▶ **Work instructions**
The entries below contain pictures. Write out only the lines from the line with "индика Наволоки" up to and including the line with "13-020 Uitzicht bij stopplaats vicuña", exactly, without them.
Records provided below:
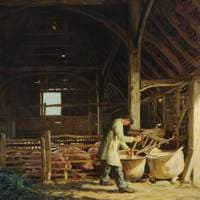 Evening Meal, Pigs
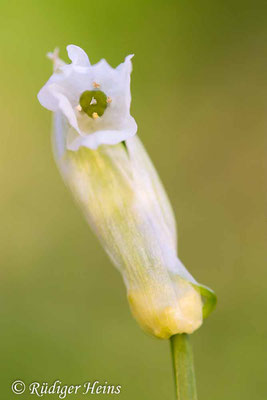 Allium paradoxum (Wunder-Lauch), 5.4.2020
End of Records provided.
Records provided below:
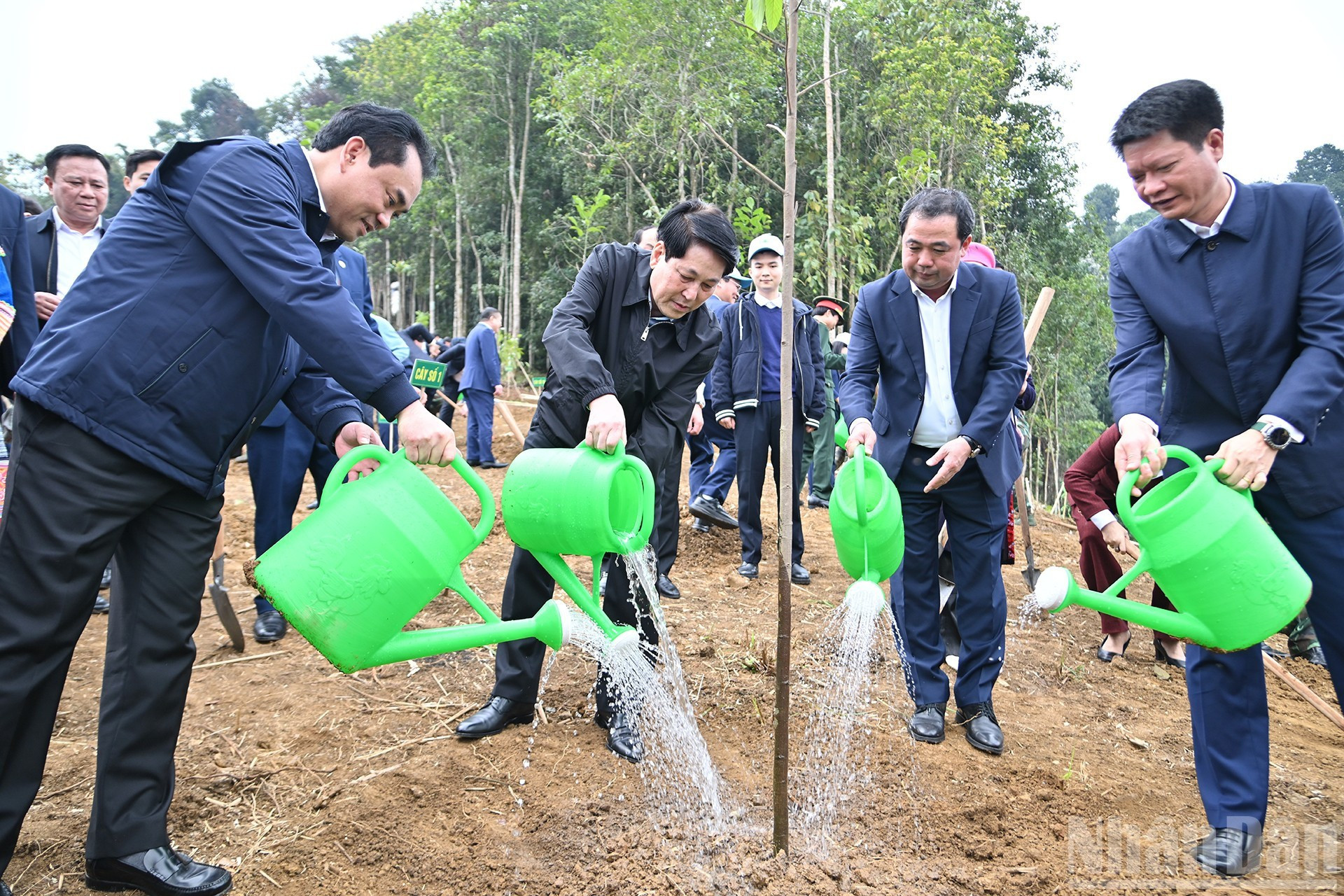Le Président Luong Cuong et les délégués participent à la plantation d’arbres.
End of Records provided.
Records provided below:
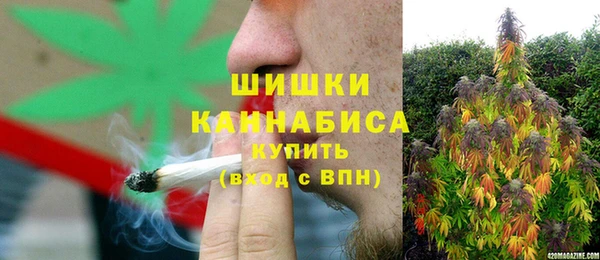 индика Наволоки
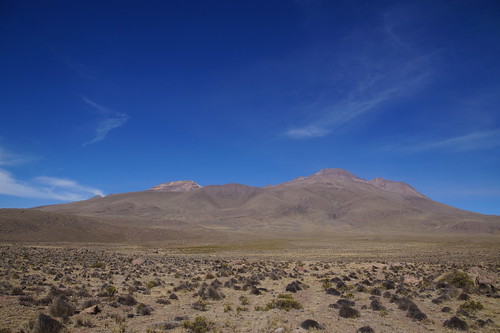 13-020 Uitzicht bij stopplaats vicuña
End of Records provided.
▶ **Response area**
 индика Наволоки
 13-020 Uitzicht bij stopplaats vicuña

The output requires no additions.